Collected data entries:
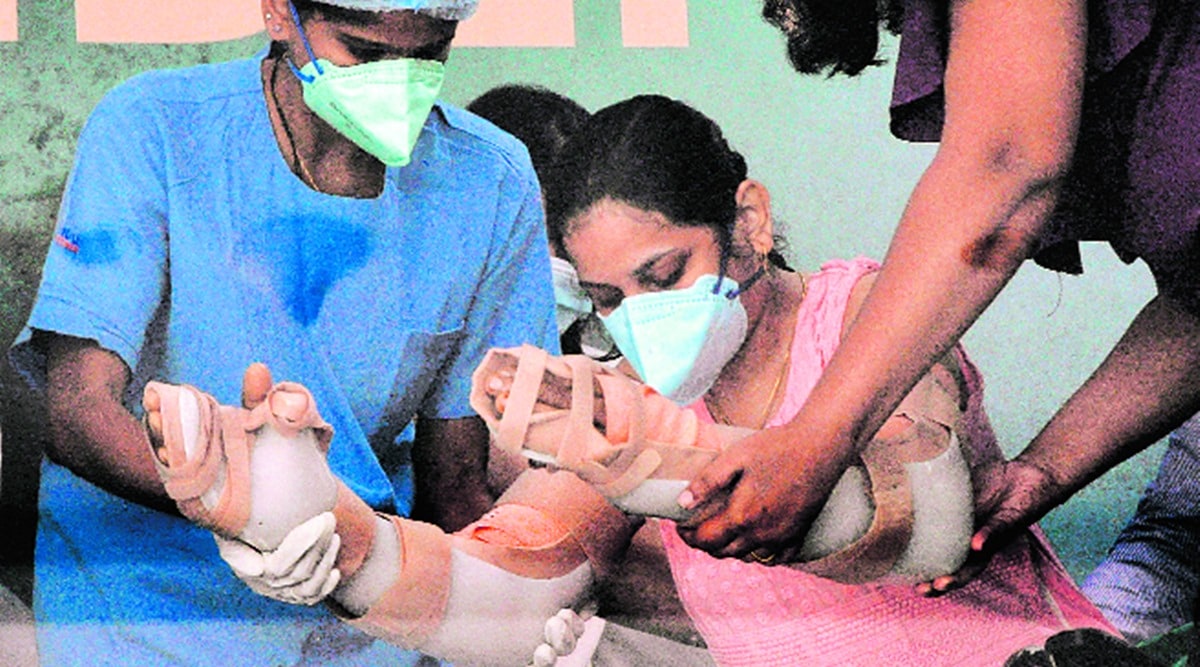Hand transaplant, mumbai first hand transplant, mumbai hand transplant surgery, manika more hand transplant, india hand transplant, mumbai news, indian express news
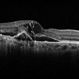 Neovascular AMD with Ring Shaped lesions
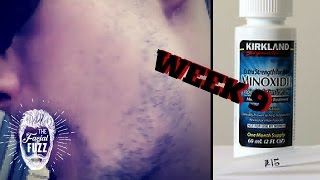 Minoxidil Beard | Week 9 | The Experiment |  #FacialFuzzFridays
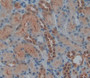 Used in DAB staining on fromalin fixed paraffin- embedded kidney tissue Used in DAB staining on fromalin fixed paraffin- embedded kidney tissue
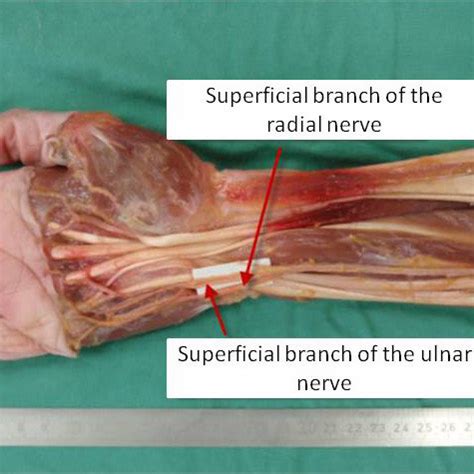 Transfer Of The Radial Branch Of The Superficial Radial Nerve To The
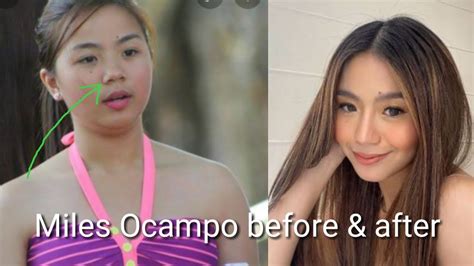 Miles Ocampo Before And After Camille Tan Real Name Nagparetoke Ba Ng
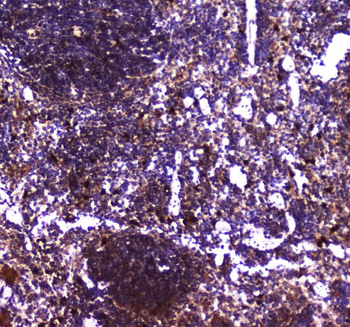 Anti-TLR1 Antibody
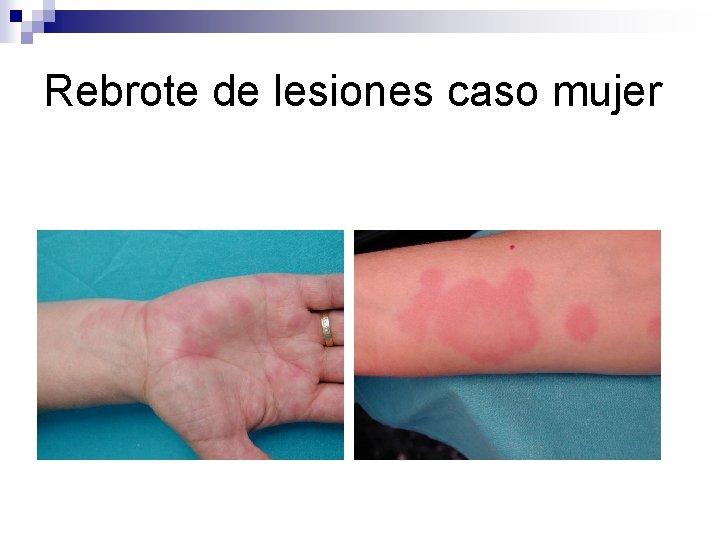Rebrote de lesiones caso mujer 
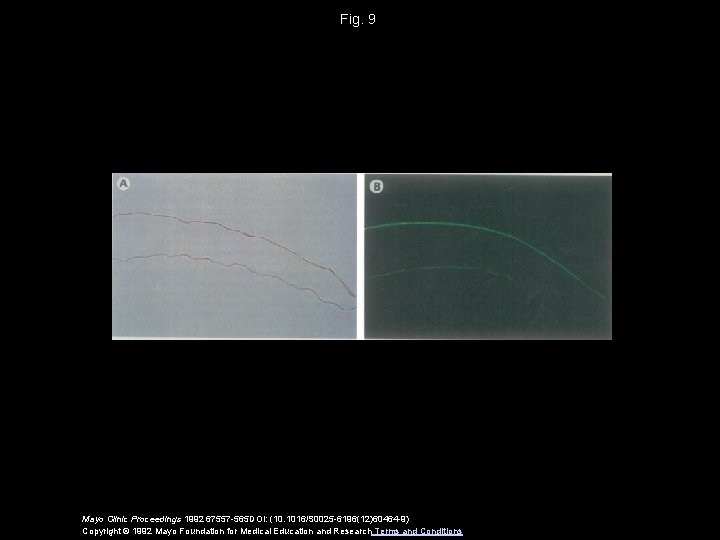 Fig. 9 Mayo Clinic Proceedings 1992 67557 -565 DOI: (10. 1016/S 0025 -6196(12)60464 -9)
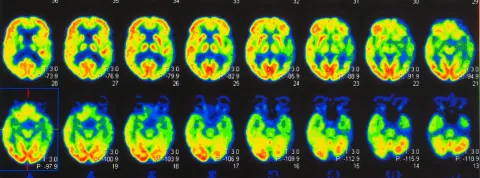 Premio Mejor Tesis Doctoral 2025 Cátedra VIU-NED header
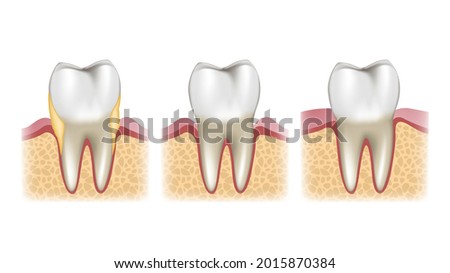 Schematic sectional view of the stages of treatment of a tooth with calculus
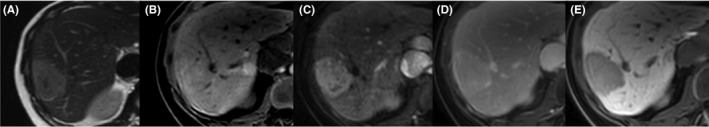 FIGURE 3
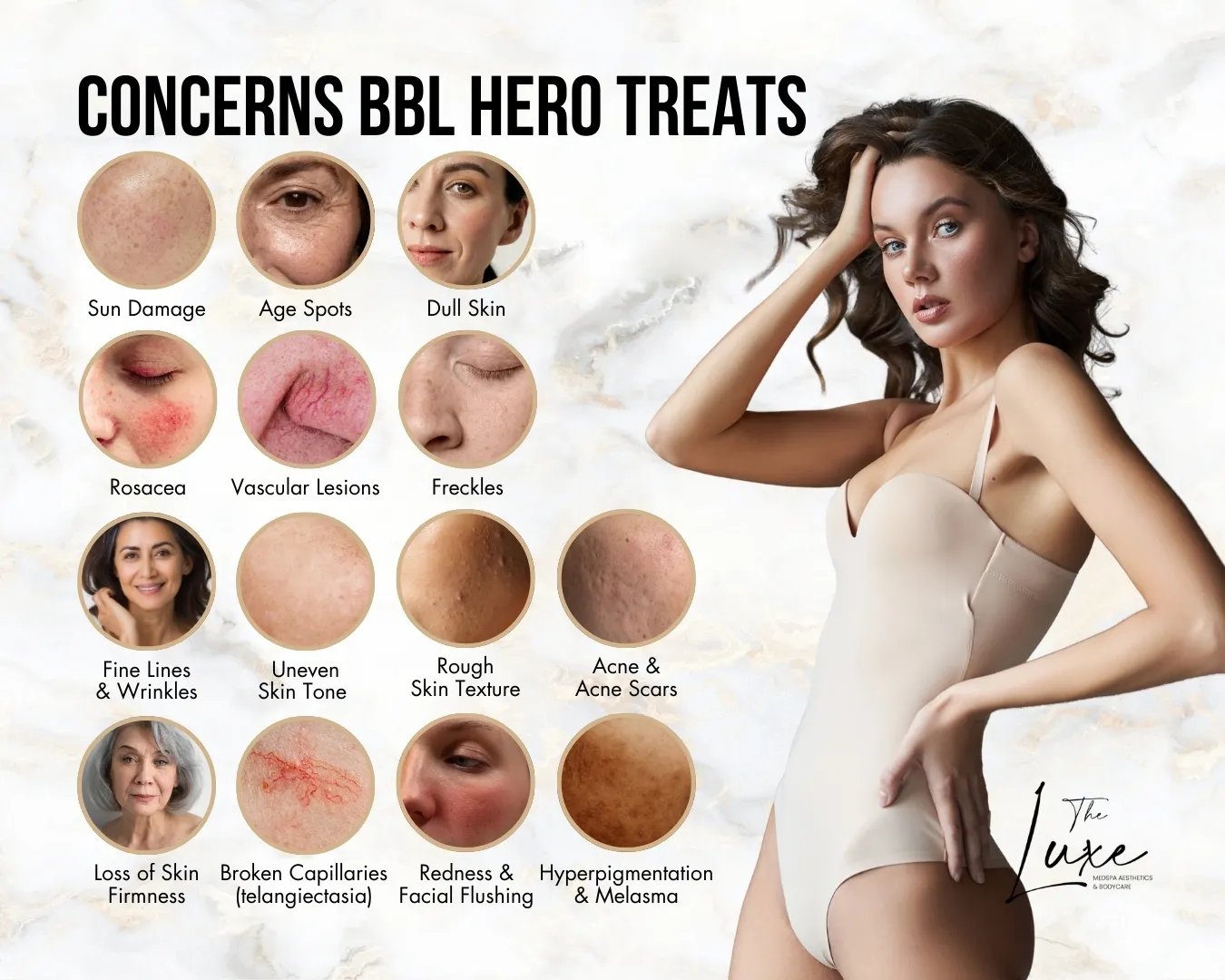 Graphic of woman with listing of concerns that BBL Hero treats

* Problem requirements
An exact copy of all the data above is required; omit any pictures.

* Problem solution
Hand transaplant, mumbai first hand transplant, mumbai hand transplant surgery, manika more hand transplant, india hand transplant, mumbai news, indian express news
 Neovascular AMD with Ring Shaped lesions
 Minoxidil Beard | Week 9 | The Experiment |  #FacialFuzzFridays
 Used in DAB staining on fromalin fixed paraffin- embedded kidney tissue Used in DAB staining on fromalin fixed paraffin- embedded kidney tissue
 Transfer Of The Radial Branch Of The Superficial Radial Nerve To The
 Miles Ocampo Before And After Camille Tan Real Name Nagparetoke Ba Ng
 Anti-TLR1 Antibody
Rebrote de lesiones caso mujer 
 Fig. 9 Mayo Clinic Proceedings 1992 67557 -565 DOI: (10. 1016/S 0025 -6196(12)60464 -9)
 Premio Mejor Tesis Doctoral 2025 Cátedra VIU-NED header
 Schematic sectional view of the stages of treatment of a tooth with calculus
 FIGURE 3
 Graphic of woman with listing of concerns that BBL Hero treats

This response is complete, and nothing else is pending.